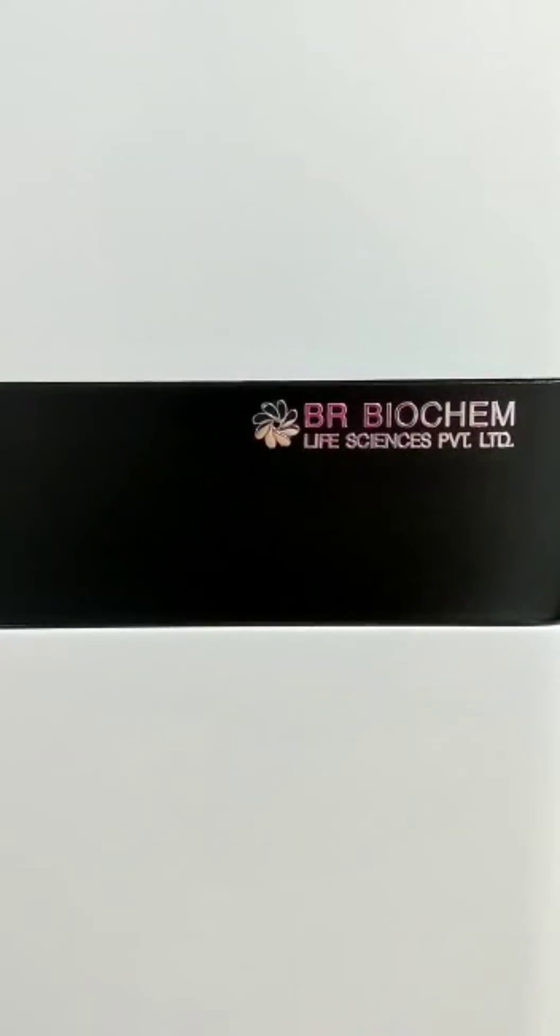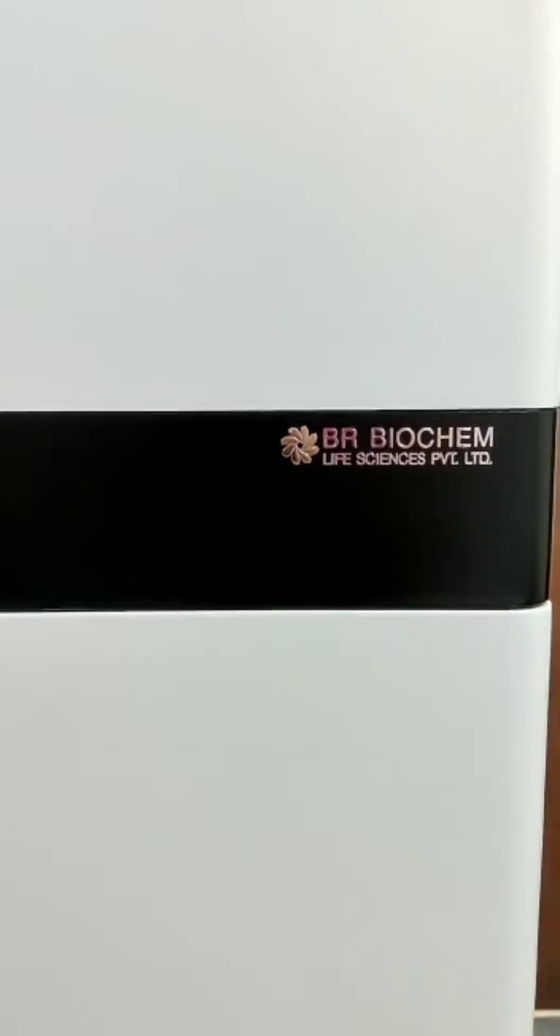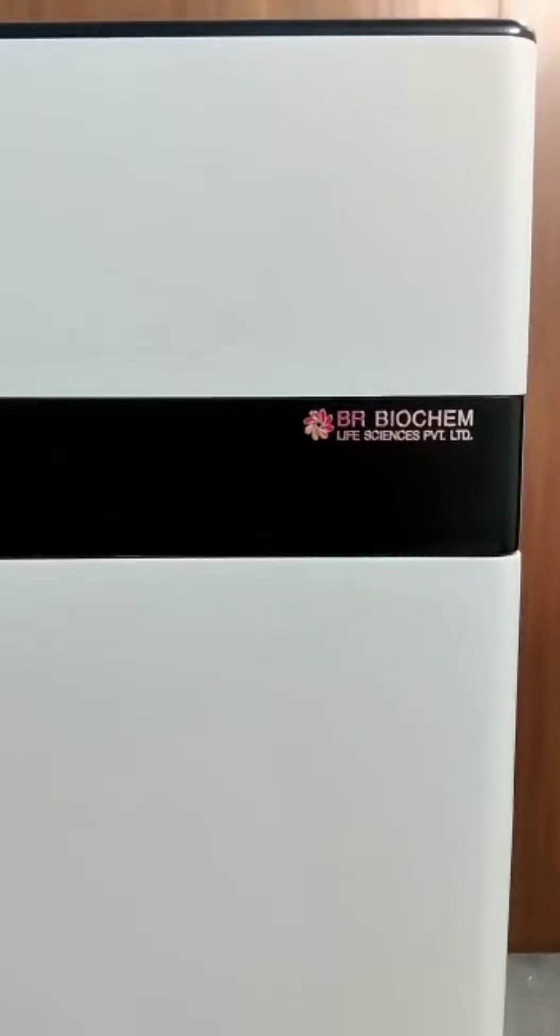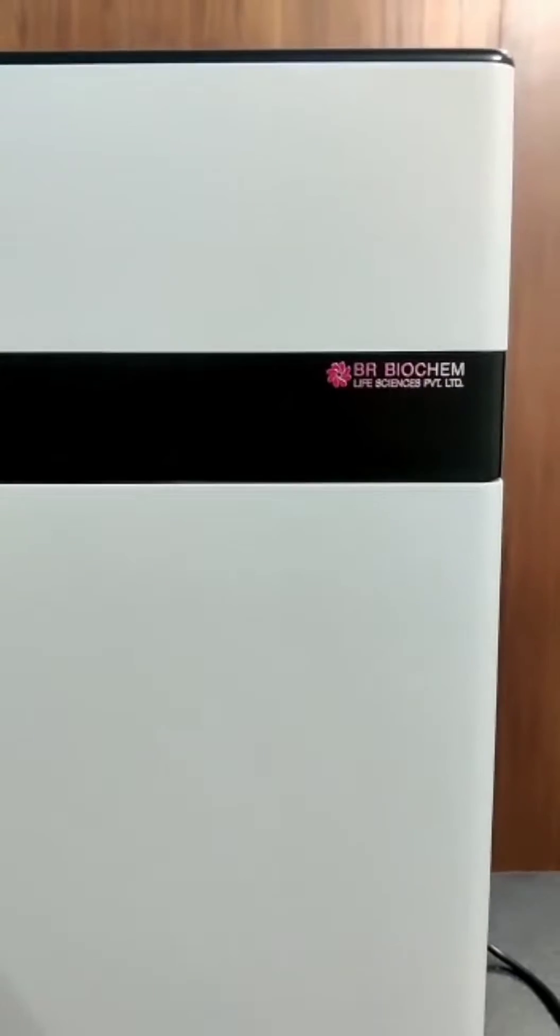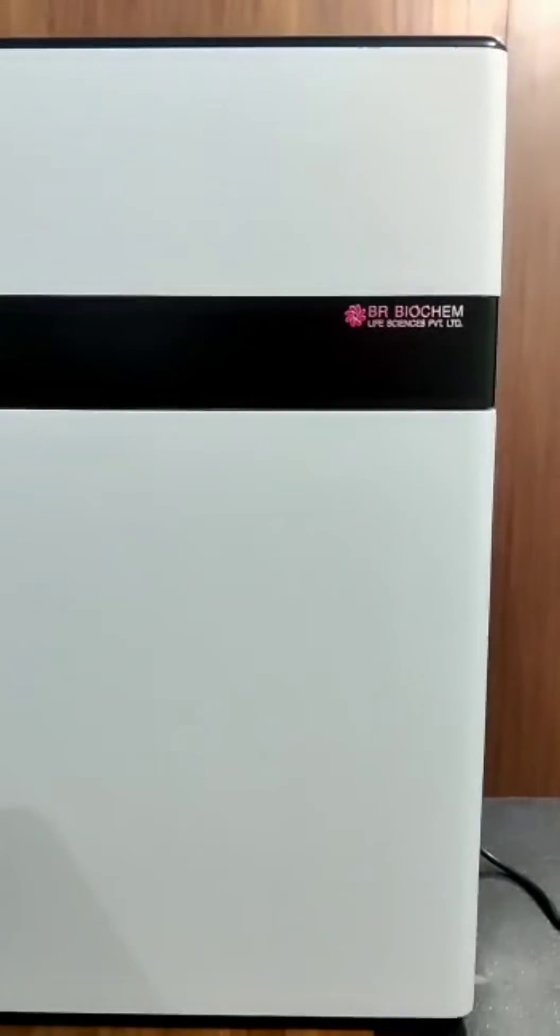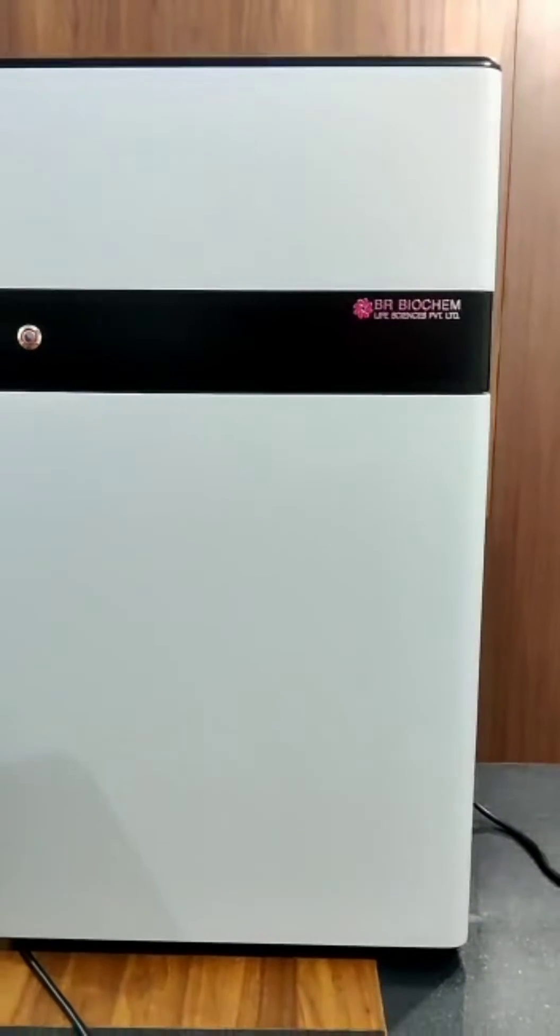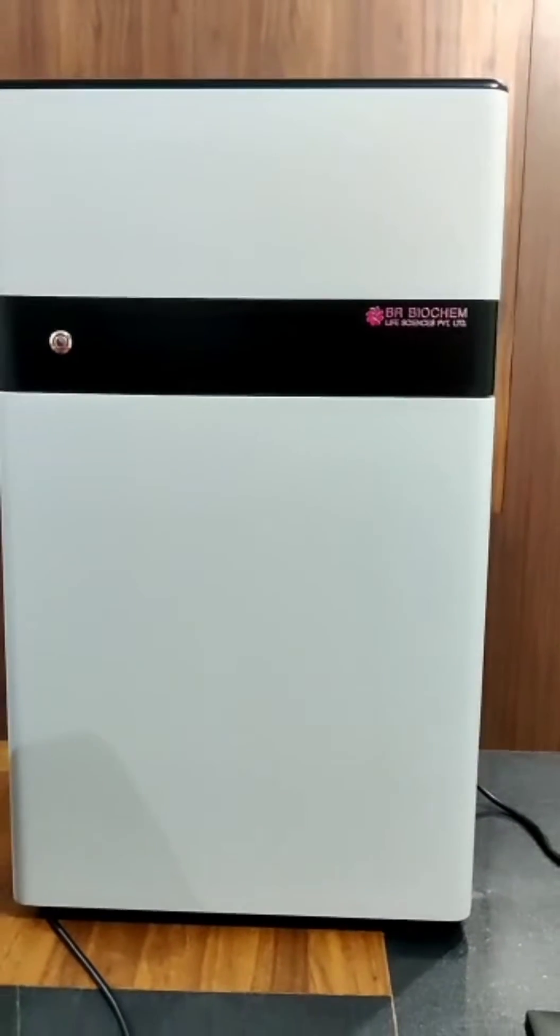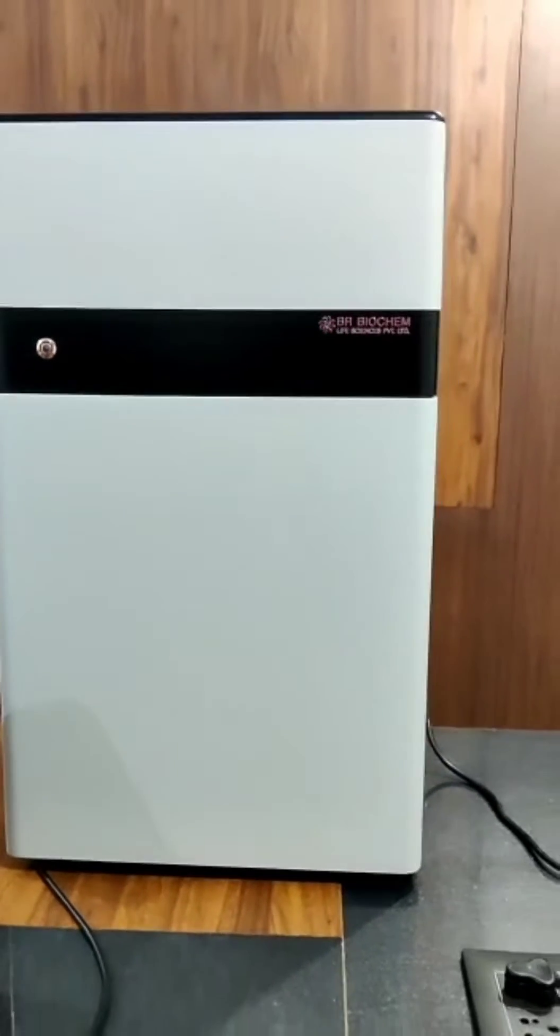Hello everyone, welcome to BR Biochem Life Sciences Pvt Ltd. Today we discuss the GEL Documentation System.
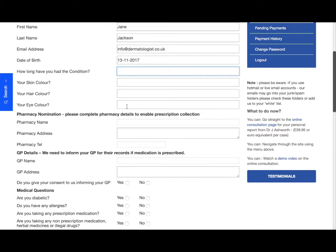So how long have you had the condition? Your skin color, hair color, eye color.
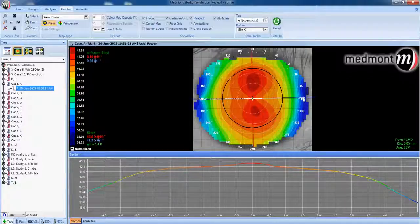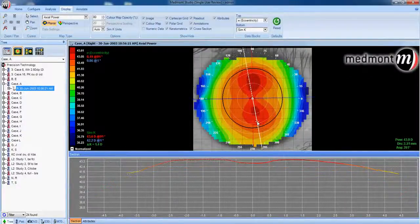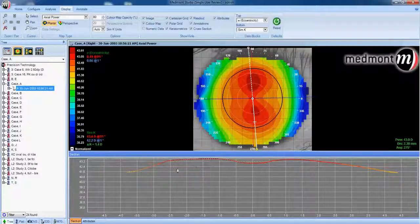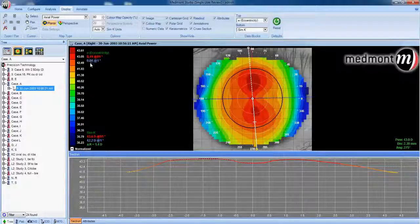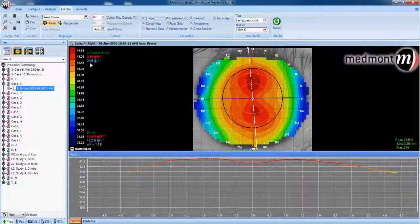Now, changing the axis line to the vertical meridian, notice there is very little rate of change from center to periphery along the steep meridian as compared to the flat meridian. That gives us a much lower eccentricity value. We will focus on eccentricity later in the video series to better understand what this tells us about eye shape and how it can help us in terms of contact lenses.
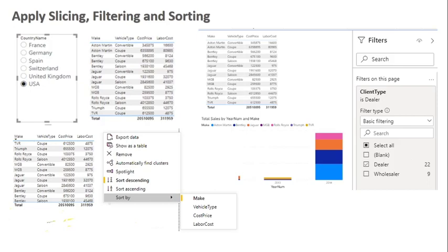Welcome back to another lecture. We are in Lesson 2: Enhancing the Report. The first topic is about applying slicers, filters, and sorting to your data. The process of filtering allows you to remove all the data you don't need so you can focus only on the data that is important. You can apply filters directly using the Filters pane.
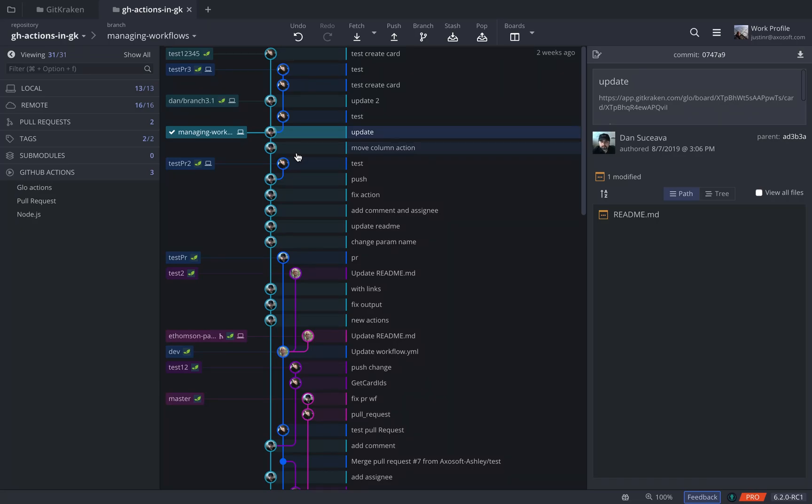With the new GitHub Actions integration inside of GitKraken, you can now see all of the workflows that you've created in GitHub Actions directly in your repository. If you look on the left panel here, there's a new section called GitHub Actions, and that will list all of the workflows that you've created on your current branch.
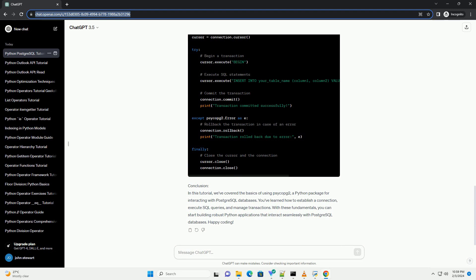Handling transactions. PsycoPg2 allows you to manage transactions explicitly. By default, PostgreSQL runs in auto-commit mode, meaning each statement is treated as a separate transaction. However, you can use PsycoPg2 to control transaction boundaries explicitly.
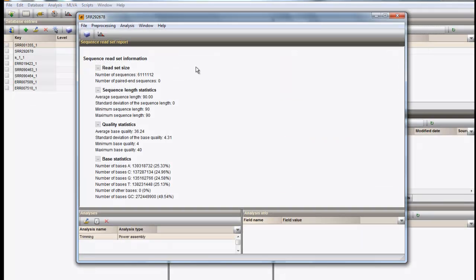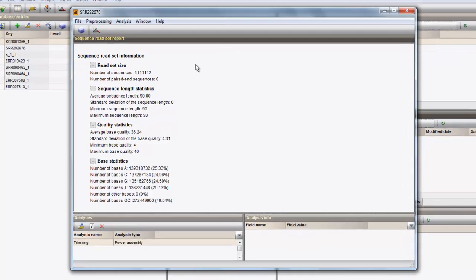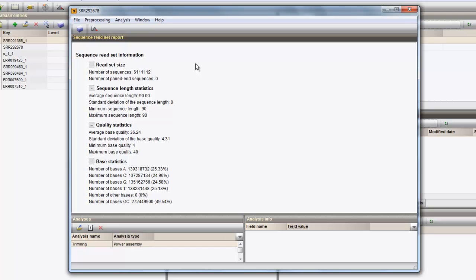From the Sequence Read Set report, some basic summary statistics on the reads present in the dataset are displayed, including information on read set size, sequence length statistics, quality statistics, and individual base statistics.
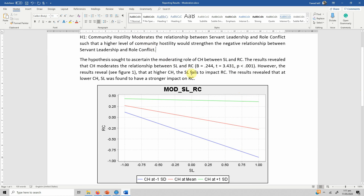This is how you present your hypothesis and report your results. I hope this video helped you understand the concept of moderation, how to run moderation, interpret the results, and report moderation analysis. Thank you very much.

▸ **WHAT IS REQUIRED**:
Line for line, restate the data above and omit every picture.

▸ **EXPECTED ANSWER**:
Hello everyone, welcome to BR Biochem Life Sciences Pvt Ltd. Today we discuss the GEL Documentation System.
So how long have you had the condition? Your skin color, hair color, eye color.
Now, changing the axis line to the vertical meridian, notice there is very little rate of change from center to periphery along the steep meridian as compared to the flat meridian. That gives us a much lower eccentricity value. We will focus on eccentricity later in the video series to better understand what this tells us about eye shape and how it can help us in terms of contact lenses.
Welcome back to another lecture. We are in Lesson 2: Enhancing the Report. The first topic is about applying slicers, filters, and sorting to your data. The process of filtering allows you to remove all the data you don't need so you can focus only on the data that is important. You can apply filters directly using the Filters pane.
With the new GitHub Actions integration inside of GitKraken, you can now see all of the workflows that you've created in GitHub Actions directly in your repository. If you look on the left panel here, there's a new section called GitHub Actions, and that will list all of the workflows that you've created on your current branch.
Handling transactions. PsycoPg2 allows you to manage transactions explicitly. By default, PostgreSQL runs in auto-commit mode, meaning each statement is treated as a separate transaction. However, you can use PsycoPg2 to control transaction boundaries explicitly.
From the Sequence Read Set report, some basic summary statistics on the reads present in the dataset are displayed, including information on read set size, sequence length statistics, quality statistics, and individual base statistics.
This is how you present your hypothesis and report your results. I hope this video helped you understand the concept of moderation, how to run moderation, interpret the results, and report moderation analysis. Thank you very much.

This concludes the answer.